* WHAT THIS TASK INVOLVES
In the records below, find the line holding "HOMCOM Covor salon"; copy it and every line after it to the end, omitting all images.

* EXERCISE DATA
"""

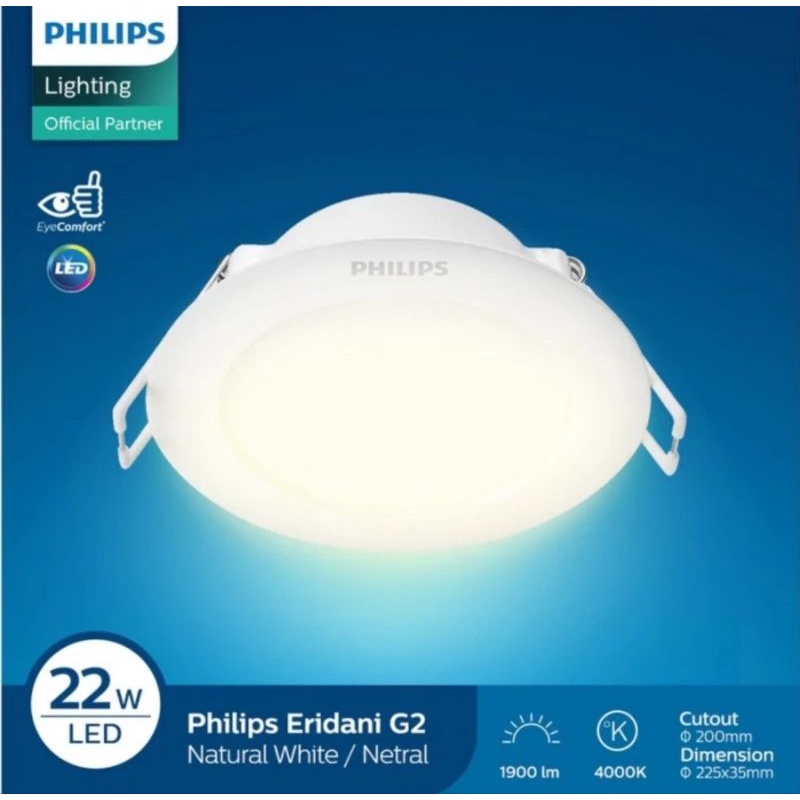 Downlight LED 22 Watt 4000K Natural White Philips Eridani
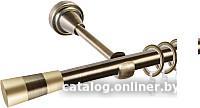 Карниз для штор АС ФОРОС Grace D16Г + наконечники Конус золото (1.8м, антик)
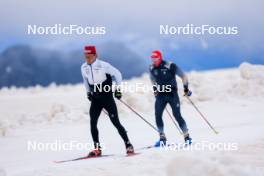 22.06.2024, Les Diablerets, Switzerland (SUI): Ilan Pittier (SUI), Valerio Grond (SUI), (l-r) - Cross-Country summer training on the Glacier 3000, Les Diablerets (SUI). www.nordicfocus.com. © Manzoni/NordicFocus. Every downloaded picture is fee-liable.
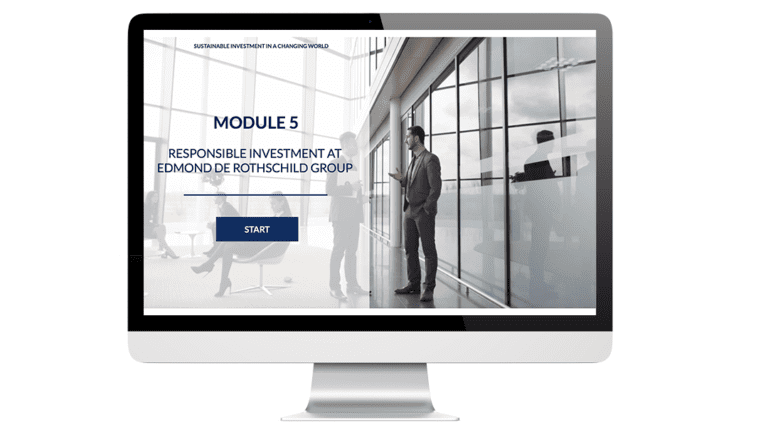 Sample starting images of the Sustainable Finance Academy module made for the Swiss Sustainable Finance, on a computer.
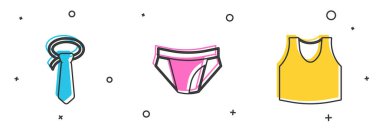 Kravat, erkek iç çamaşırı ve atlet ikonu. Vektör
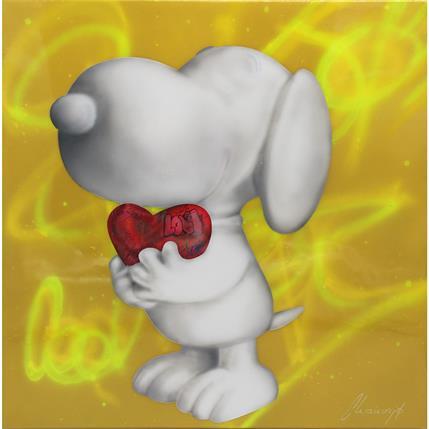 Painting Snoopy leblond by Chauvijo | Painting Pop art Mixed Pop icons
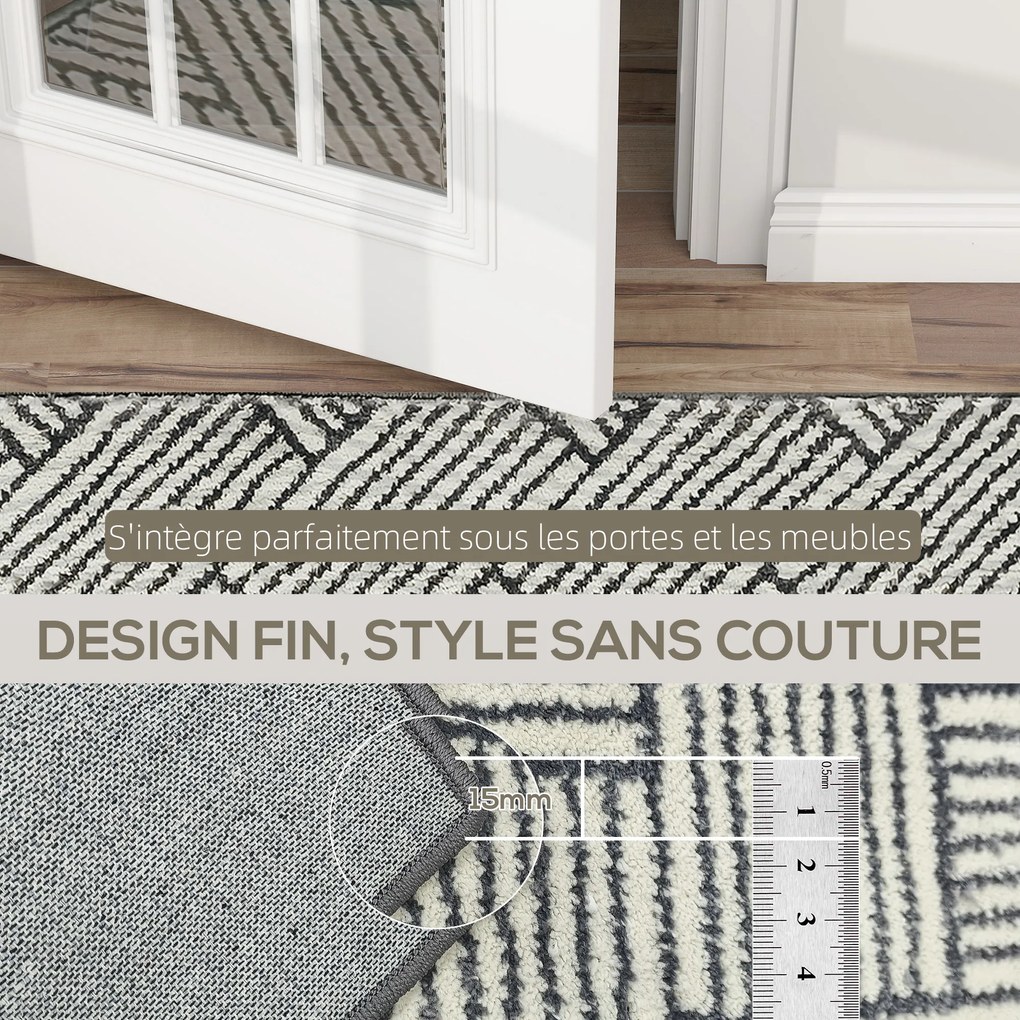 HOMCOM Covor salon 230 x 160 cm fibra scurtă lavabil în mașină hipoalergenic pentru sufragerie, dormitor, birou, gri | Aosom Romania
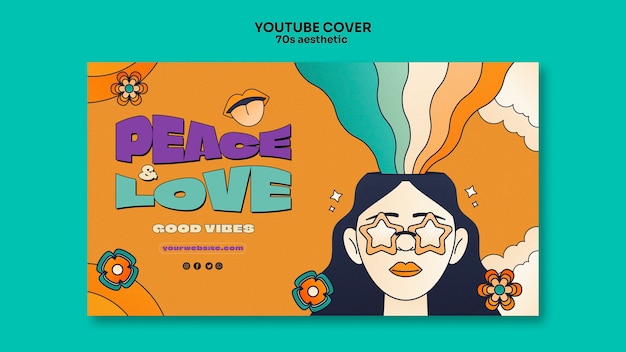 Free PSD hand drawn 70's aesthetic youtube cover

"""

* ANSWER SPACE
 HOMCOM Covor salon 230 x 160 cm fibra scurtă lavabil în mașină hipoalergenic pentru sufragerie, dormitor, birou, gri | Aosom Romania
 Free PSD hand drawn 70's aesthetic youtube cover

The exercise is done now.